## Action item:
In the copy, include no pictures. Reproduce the rest of the entries exactly.

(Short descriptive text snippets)
******

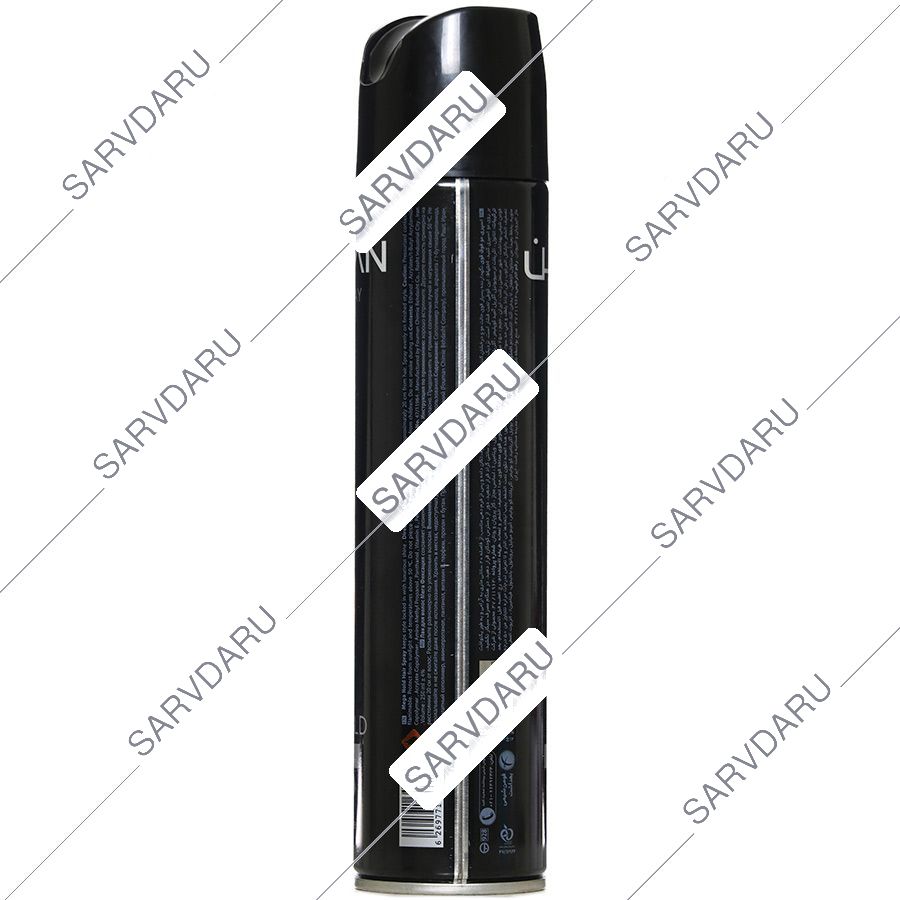 https:  shop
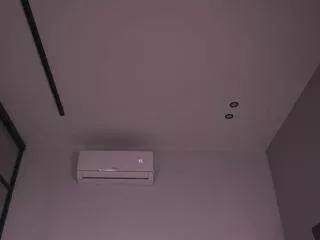 bree_crago on Flirt4Free 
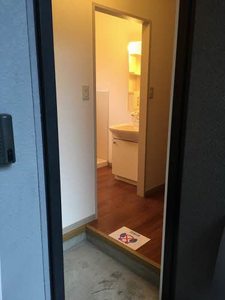 ロイヤルコートいのうえ 0102号-3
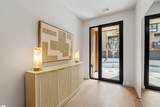 20 Nordic Lane - Photo 10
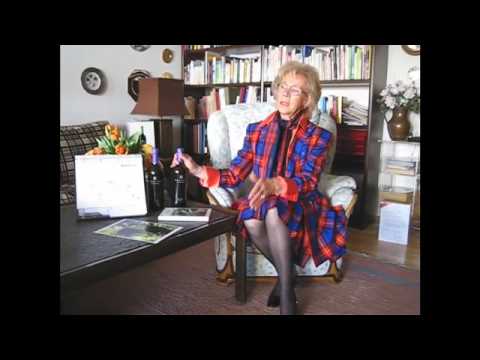 Die außergewöhnliche ACAI Palmfrucht vom Amazonas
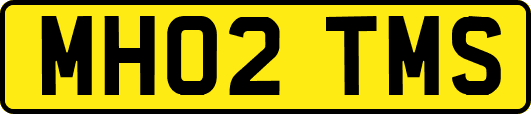 MH02TMS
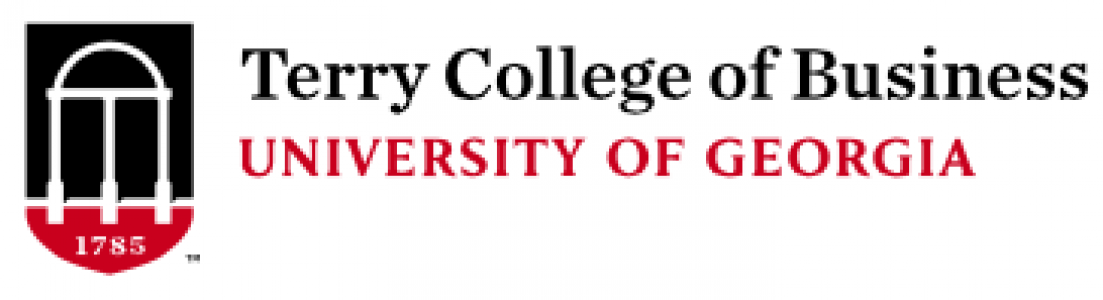 Artists' Rights Symposium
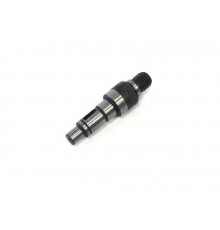 Шпиндель \ МШУ-1,5-01 \ Диолд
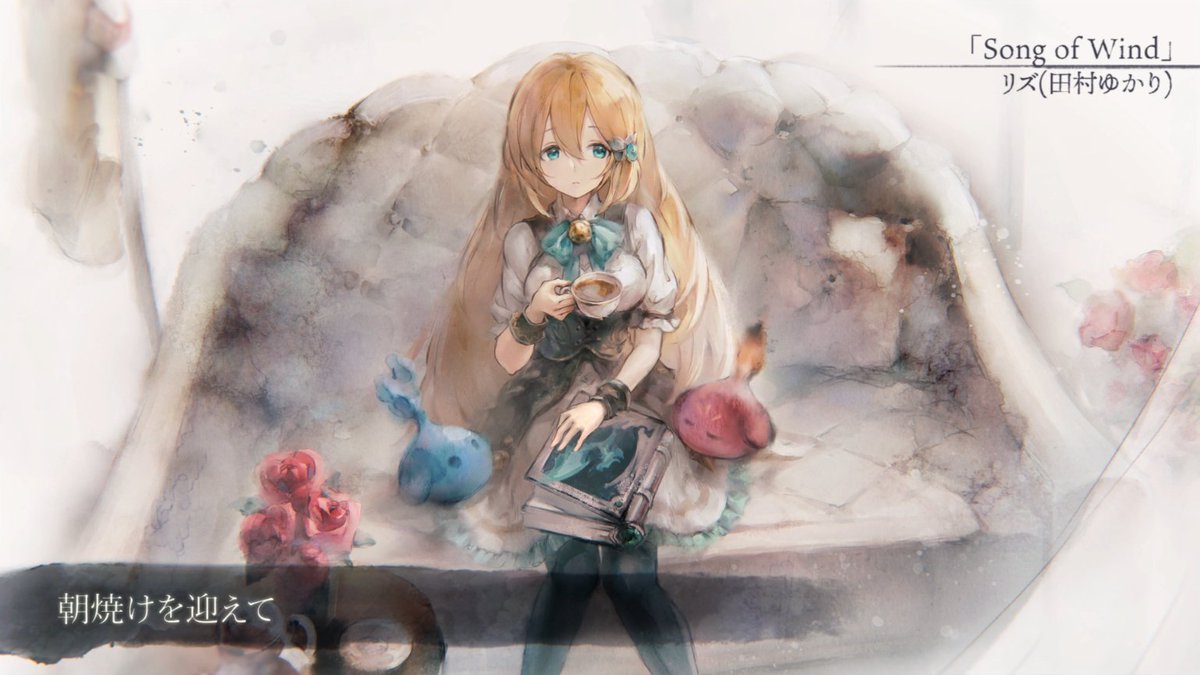 幻獣契約クリプトラクト@1200万DL突破 (@cryp_boi) / Posts / X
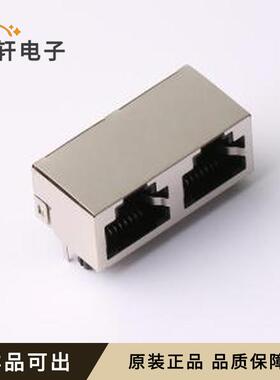 XDRJ-5622-0157原装插件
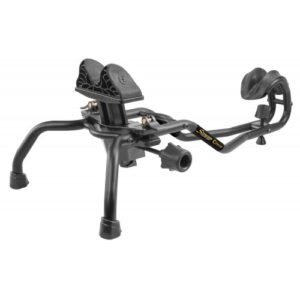 Support de tir Caldwell Stinger Shooting Rest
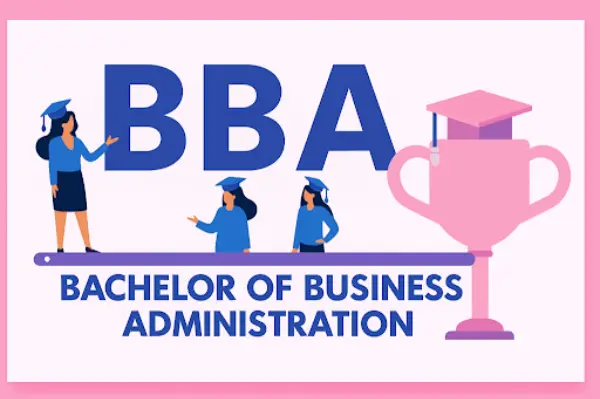 BBA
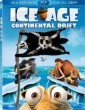Ice Age Continental Drift (2012) Tamil Dubbed English BDRip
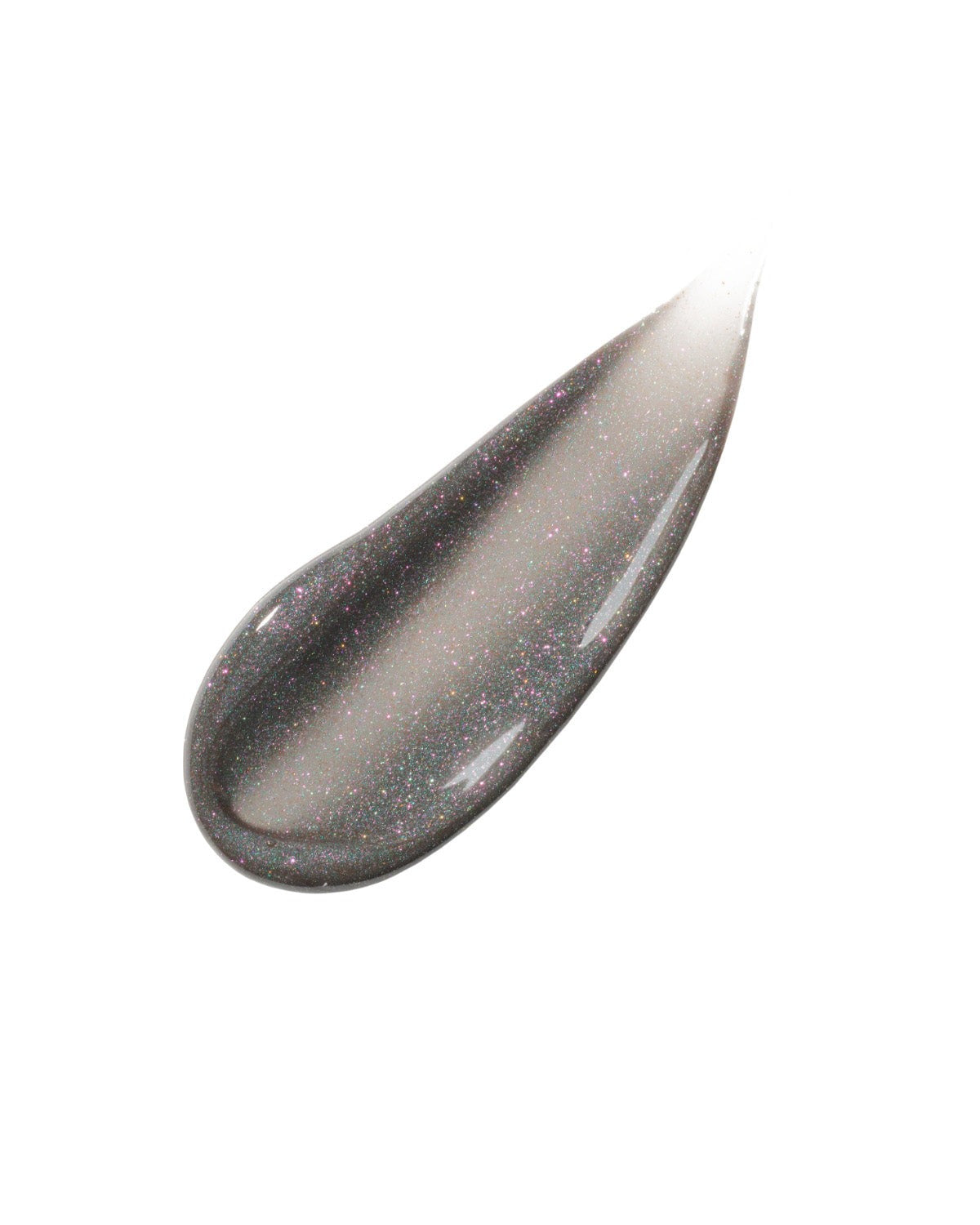 Gloss Bomb Universal Lip Luminizer: Arcane Collection — Kaboom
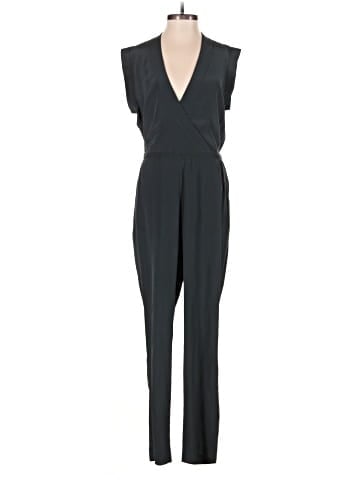 Madewell Jumpsuit (view 1)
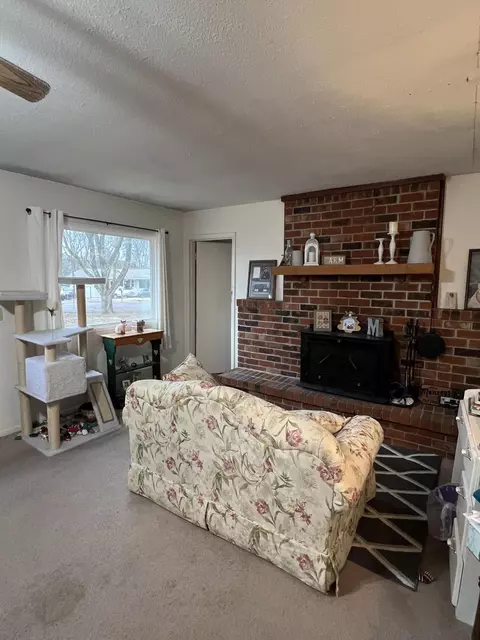 657 E Hills Rd, Jasper, TN 37347 photo 3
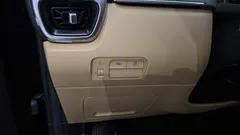 2023 Kia Sorento Gasoline 2.5T 2WD — фото 19
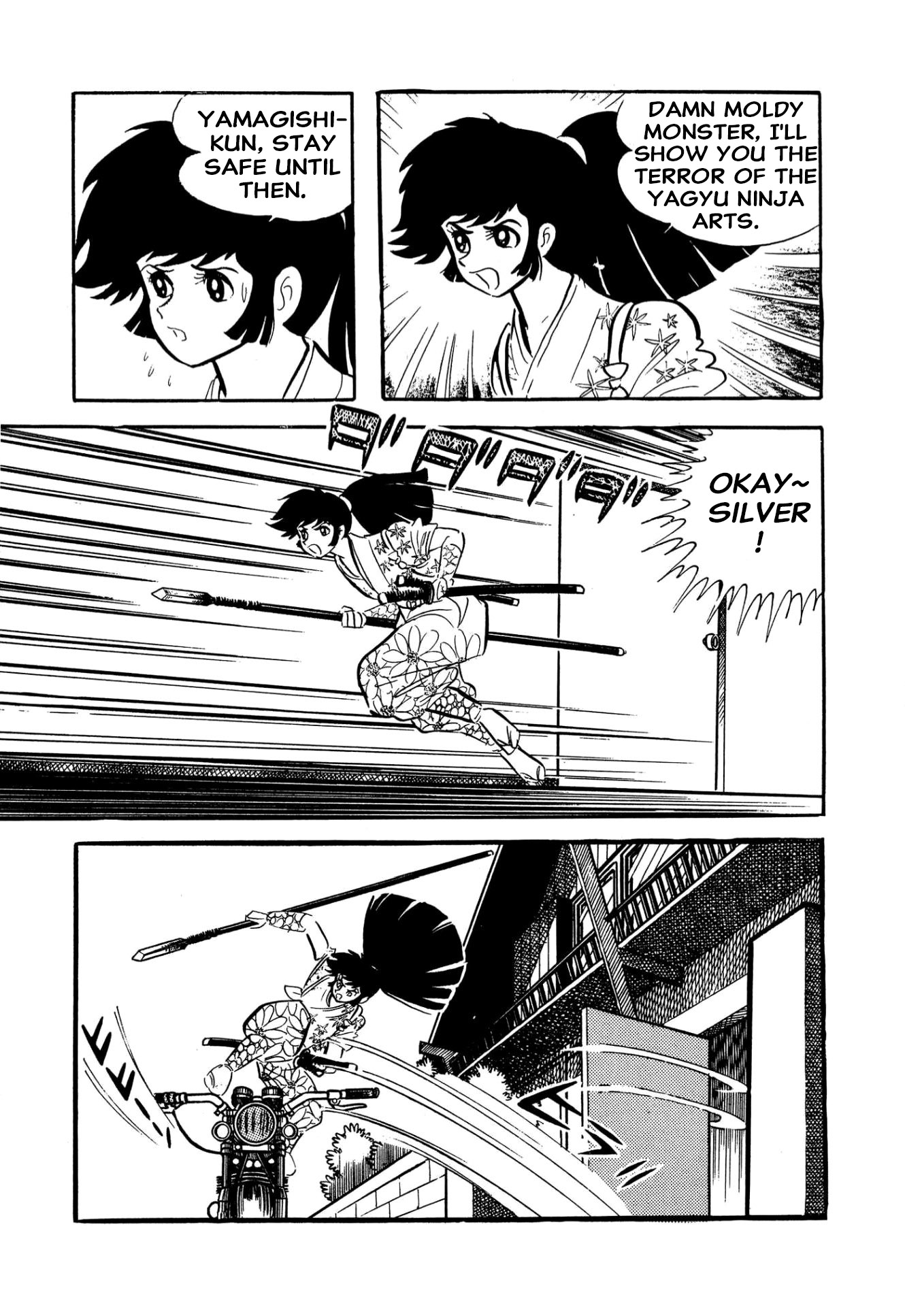 35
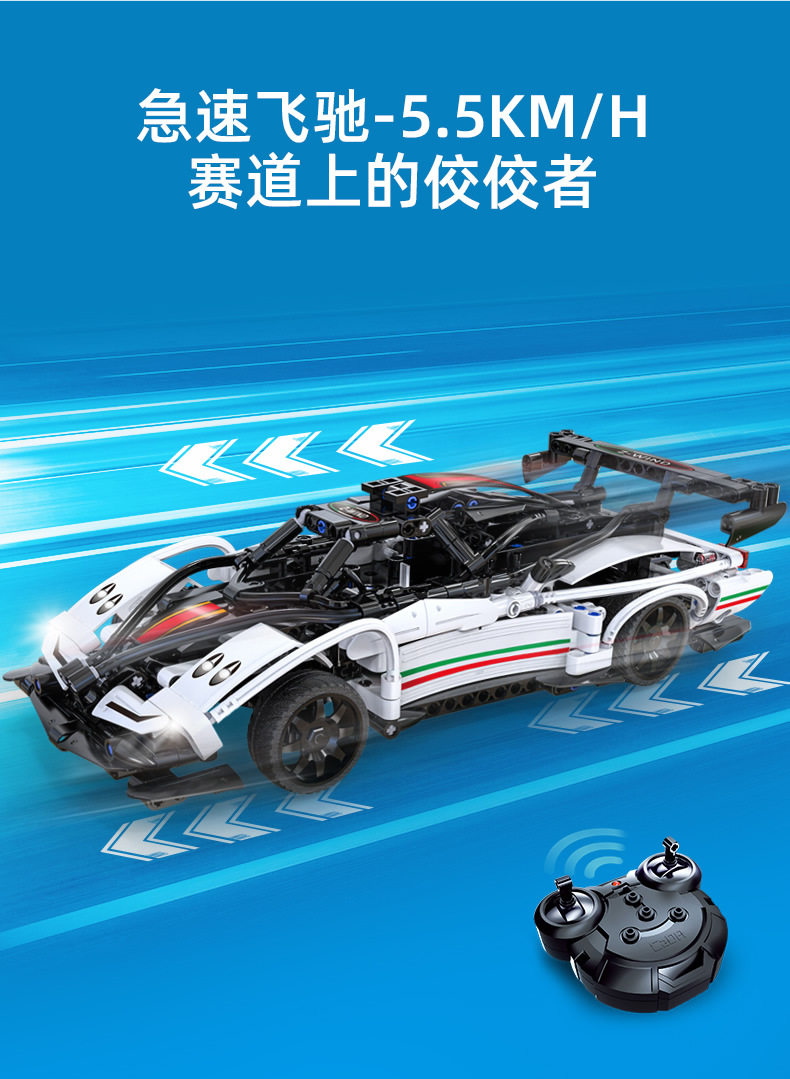 C51054 (15).jpg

******

## Exercise response:
 https:  shop
 bree_crago on Flirt4Free 
 ロイヤルコートいのうえ 0102号-3
 20 Nordic Lane - Photo 10
 Die außergewöhnliche ACAI Palmfrucht vom Amazonas
 MH02TMS
 Artists' Rights Symposium
 Шпиндель \ МШУ-1,5-01 \ Диолд
 幻獣契約クリプトラクト@1200万DL突破 (@cryp_boi) / Posts / X
 XDRJ-5622-0157原装插件
 Support de tir Caldwell Stinger Shooting Rest
 BBA
Ice Age Continental Drift (2012) Tamil Dubbed English BDRip
 Gloss Bomb Universal Lip Luminizer: Arcane Collection — Kaboom
 Madewell Jumpsuit (view 1)
 657 E Hills Rd, Jasper, TN 37347 photo 3
 2023 Kia Sorento Gasoline 2.5T 2WD — фото 19
 35
 C51054 (15).jpg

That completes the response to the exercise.